**Record set**

──────────

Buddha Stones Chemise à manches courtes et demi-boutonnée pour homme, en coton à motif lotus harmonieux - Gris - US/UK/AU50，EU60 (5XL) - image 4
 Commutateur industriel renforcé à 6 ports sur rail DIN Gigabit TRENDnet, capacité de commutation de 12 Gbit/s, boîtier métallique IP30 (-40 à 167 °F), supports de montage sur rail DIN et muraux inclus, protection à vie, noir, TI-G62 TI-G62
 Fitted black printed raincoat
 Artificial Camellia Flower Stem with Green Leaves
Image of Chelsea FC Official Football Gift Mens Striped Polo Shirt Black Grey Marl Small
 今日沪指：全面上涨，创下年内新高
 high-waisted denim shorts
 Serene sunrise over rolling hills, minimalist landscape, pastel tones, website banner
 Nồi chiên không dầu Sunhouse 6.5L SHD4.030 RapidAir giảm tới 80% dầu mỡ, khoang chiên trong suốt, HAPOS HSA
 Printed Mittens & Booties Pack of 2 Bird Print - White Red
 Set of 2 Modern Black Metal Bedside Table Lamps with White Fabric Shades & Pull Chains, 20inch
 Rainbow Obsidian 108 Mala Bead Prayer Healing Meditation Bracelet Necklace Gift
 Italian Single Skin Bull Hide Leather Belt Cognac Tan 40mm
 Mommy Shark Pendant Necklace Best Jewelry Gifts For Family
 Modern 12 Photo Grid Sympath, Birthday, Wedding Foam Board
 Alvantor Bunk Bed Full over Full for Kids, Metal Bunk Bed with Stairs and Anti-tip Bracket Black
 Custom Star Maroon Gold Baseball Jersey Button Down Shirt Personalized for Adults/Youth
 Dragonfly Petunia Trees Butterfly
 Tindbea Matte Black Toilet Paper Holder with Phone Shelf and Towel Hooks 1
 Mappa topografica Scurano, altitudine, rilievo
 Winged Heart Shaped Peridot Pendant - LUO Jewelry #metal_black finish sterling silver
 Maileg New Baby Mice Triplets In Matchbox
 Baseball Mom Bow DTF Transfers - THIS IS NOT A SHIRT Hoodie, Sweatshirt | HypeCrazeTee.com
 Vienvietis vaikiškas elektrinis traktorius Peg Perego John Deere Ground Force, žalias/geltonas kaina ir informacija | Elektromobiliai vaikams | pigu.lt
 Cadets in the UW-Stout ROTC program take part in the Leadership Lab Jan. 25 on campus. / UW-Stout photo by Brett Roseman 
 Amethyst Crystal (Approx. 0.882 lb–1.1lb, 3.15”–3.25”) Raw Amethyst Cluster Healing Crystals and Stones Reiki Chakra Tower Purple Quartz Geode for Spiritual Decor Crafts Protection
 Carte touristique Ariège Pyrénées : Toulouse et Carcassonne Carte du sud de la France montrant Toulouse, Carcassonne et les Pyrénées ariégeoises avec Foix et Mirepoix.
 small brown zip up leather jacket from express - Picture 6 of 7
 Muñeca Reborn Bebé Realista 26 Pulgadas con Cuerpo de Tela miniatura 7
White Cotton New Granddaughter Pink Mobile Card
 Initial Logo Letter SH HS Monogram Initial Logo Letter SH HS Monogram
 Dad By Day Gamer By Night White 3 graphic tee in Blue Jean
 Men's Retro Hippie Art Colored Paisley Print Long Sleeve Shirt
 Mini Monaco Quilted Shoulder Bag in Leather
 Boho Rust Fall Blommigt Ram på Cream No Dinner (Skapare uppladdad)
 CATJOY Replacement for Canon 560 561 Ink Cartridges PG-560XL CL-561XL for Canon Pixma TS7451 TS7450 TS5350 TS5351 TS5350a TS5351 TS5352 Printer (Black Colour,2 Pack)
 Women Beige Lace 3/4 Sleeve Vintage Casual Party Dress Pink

──────────

**Description of the task**
The reply is to be an exact repeat of the records above.

**Response for this exercise**
Buddha Stones Chemise à manches courtes et demi-boutonnée pour homme, en coton à motif lotus harmonieux - Gris - US/UK/AU50，EU60 (5XL) - image 4
 Commutateur industriel renforcé à 6 ports sur rail DIN Gigabit TRENDnet, capacité de commutation de 12 Gbit/s, boîtier métallique IP30 (-40 à 167 °F), supports de montage sur rail DIN et muraux inclus, protection à vie, noir, TI-G62 TI-G62
 Fitted black printed raincoat
 Artificial Camellia Flower Stem with Green Leaves
Image of Chelsea FC Official Football Gift Mens Striped Polo Shirt Black Grey Marl Small
 今日沪指：全面上涨，创下年内新高
 high-waisted denim shorts
 Serene sunrise over rolling hills, minimalist landscape, pastel tones, website banner
 Nồi chiên không dầu Sunhouse 6.5L SHD4.030 RapidAir giảm tới 80% dầu mỡ, khoang chiên trong suốt, HAPOS HSA
 Printed Mittens & Booties Pack of 2 Bird Print - White Red
 Set of 2 Modern Black Metal Bedside Table Lamps with White Fabric Shades & Pull Chains, 20inch
 Rainbow Obsidian 108 Mala Bead Prayer Healing Meditation Bracelet Necklace Gift
 Italian Single Skin Bull Hide Leather Belt Cognac Tan 40mm
 Mommy Shark Pendant Necklace Best Jewelry Gifts For Family
 Modern 12 Photo Grid Sympath, Birthday, Wedding Foam Board
 Alvantor Bunk Bed Full over Full for Kids, Metal Bunk Bed with Stairs and Anti-tip Bracket Black
 Custom Star Maroon Gold Baseball Jersey Button Down Shirt Personalized for Adults/Youth
 Dragonfly Petunia Trees Butterfly
 Tindbea Matte Black Toilet Paper Holder with Phone Shelf and Towel Hooks 1
 Mappa topografica Scurano, altitudine, rilievo
 Winged Heart Shaped Peridot Pendant - LUO Jewelry #metal_black finish sterling silver
 Maileg New Baby Mice Triplets In Matchbox
 Baseball Mom Bow DTF Transfers - THIS IS NOT A SHIRT Hoodie, Sweatshirt | HypeCrazeTee.com
 Vienvietis vaikiškas elektrinis traktorius Peg Perego John Deere Ground Force, žalias/geltonas kaina ir informacija | Elektromobiliai vaikams | pigu.lt
 Cadets in the UW-Stout ROTC program take part in the Leadership Lab Jan. 25 on campus. / UW-Stout photo by Brett Roseman 
 Amethyst Crystal (Approx. 0.882 lb–1.1lb, 3.15”–3.25”) Raw Amethyst Cluster Healing Crystals and Stones Reiki Chakra Tower Purple Quartz Geode for Spiritual Decor Crafts Protection
 Carte touristique Ariège Pyrénées : Toulouse et Carcassonne Carte du sud de la France montrant Toulouse, Carcassonne et les Pyrénées ariégeoises avec Foix et Mirepoix.
 small brown zip up leather jacket from express - Picture 6 of 7
 Muñeca Reborn Bebé Realista 26 Pulgadas con Cuerpo de Tela miniatura 7
White Cotton New Granddaughter Pink Mobile Card
 Initial Logo Letter SH HS Monogram Initial Logo Letter SH HS Monogram
 Dad By Day Gamer By Night White 3 graphic tee in Blue Jean
 Men's Retro Hippie Art Colored Paisley Print Long Sleeve Shirt
 Mini Monaco Quilted Shoulder Bag in Leather
 Boho Rust Fall Blommigt Ram på Cream No Dinner (Skapare uppladdad)
 CATJOY Replacement for Canon 560 561 Ink Cartridges PG-560XL CL-561XL for Canon Pixma TS7451 TS7450 TS5350 TS5351 TS5350a TS5351 TS5352 Printer (Black Colour,2 Pack)
 Women Beige Lace 3/4 Sleeve Vintage Casual Party Dress Pink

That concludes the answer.